Figure 3.

Association of the SAS-5 CTD and the SAS-6 CCD is mediated by synergistic hydrophobic and electrostatic interactions. (A) Schematic of SAS-6 deletion constructs. The right column summarizes the interaction results in (B). (B) In vitro pull-down results of MBP-tagged SAS-5 CTD using Ni-NTA bound SAS-6 as the bait.

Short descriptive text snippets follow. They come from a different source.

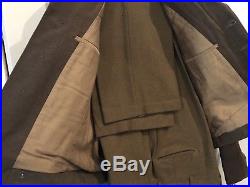 WW2 US 7th Army Uniform, IKE Jacket, Pants, Ribbon Bars, Patches w shirt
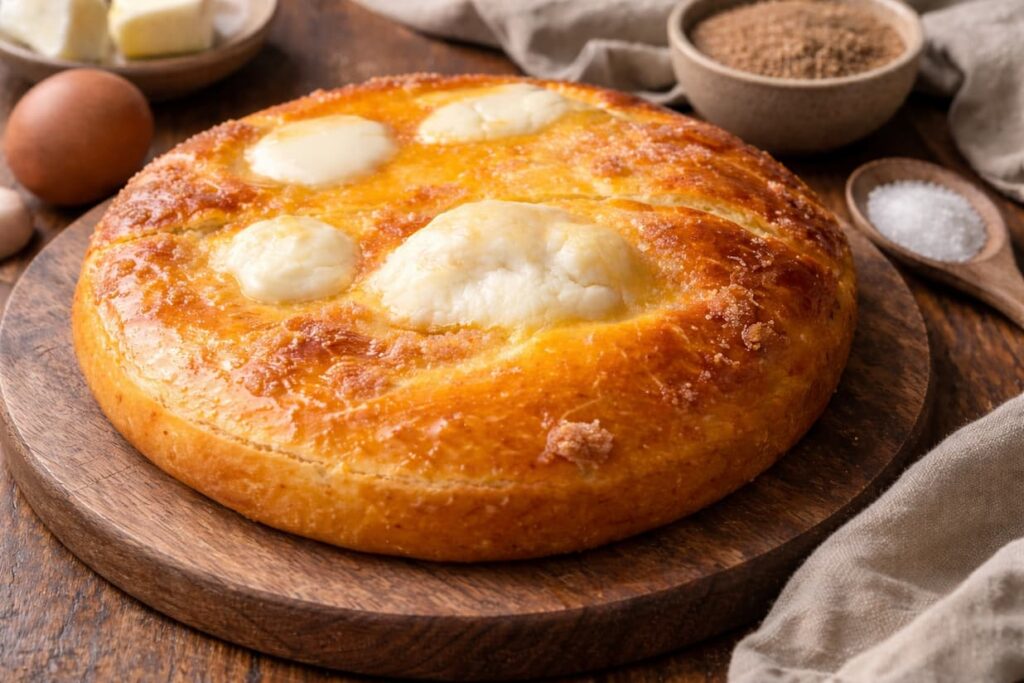 tarte au sucre moelleuse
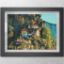 Picture of Bhutan Tiger Nest Oil Painting Puzzle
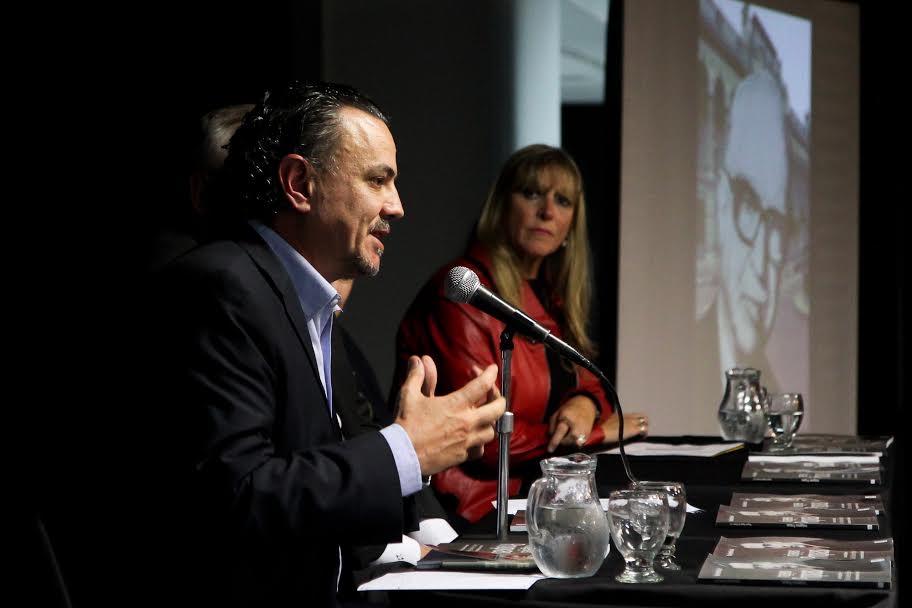 Presentaron la biografía ilustrada de Sylvestre Begnis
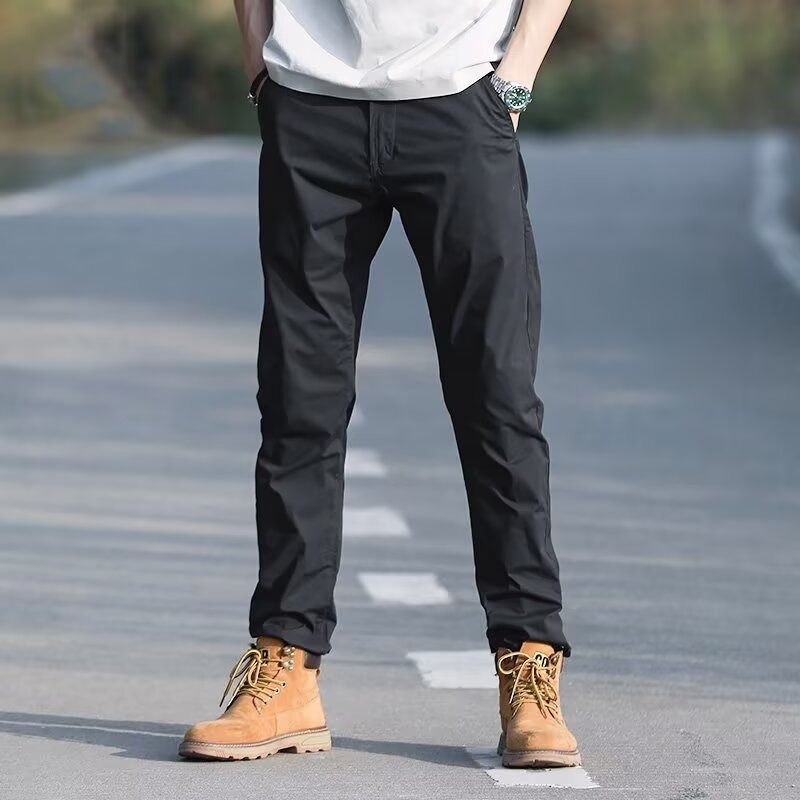Pantalon décontracté droit mul - Men'S Fashion Bag avis et prix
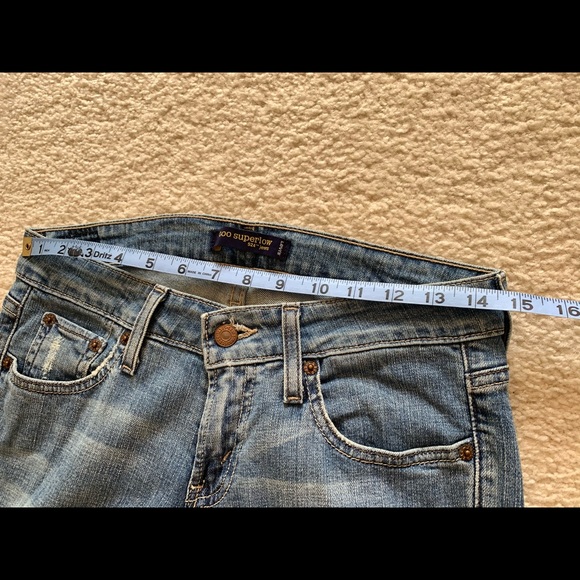 COPY - Levi’s too super low 524 Jean - Picture 3 of 8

The two deletions of SAS-6 that failed to pull down SAS-5 are indicated with arrowheads. (C) Sequence alignment of the SAS-5-binding site from three Caenorhabditis species. Ce, Caenorhabditis elegans; Cr, C. remanei; Cb, C. briggsae. Mutations of the four groups of conserved, solvent-exposed residues (to alanines) are highlighted in different colours. (D) Coomassie stained SDS–PAGE gel showing the result of in vitro pull-down of SAS-5 by wild-type (wt) and the four mutations of SAS-6. All mutations except for mC failed to interact with SAS-5. (E) Sequence of the SAS-5 CTD. Eleven mutations are indicated as M1–M11. (F) Coomassie stained SDS–PAGE gel showing the results of in vitro pull-down of wild-type or mutants of the SAS-5 CTD by SAS-6. The four mutations that show a drastic decrease of binding to SAS-5 are indicated with arrowheads. (G) Docking the SAS-5 CTD to its binding site on the SAS-6 CCD by ClusPro 2.0 (Kozakov et al, 2010). Side chains of the residues that participate in the interaction are shown.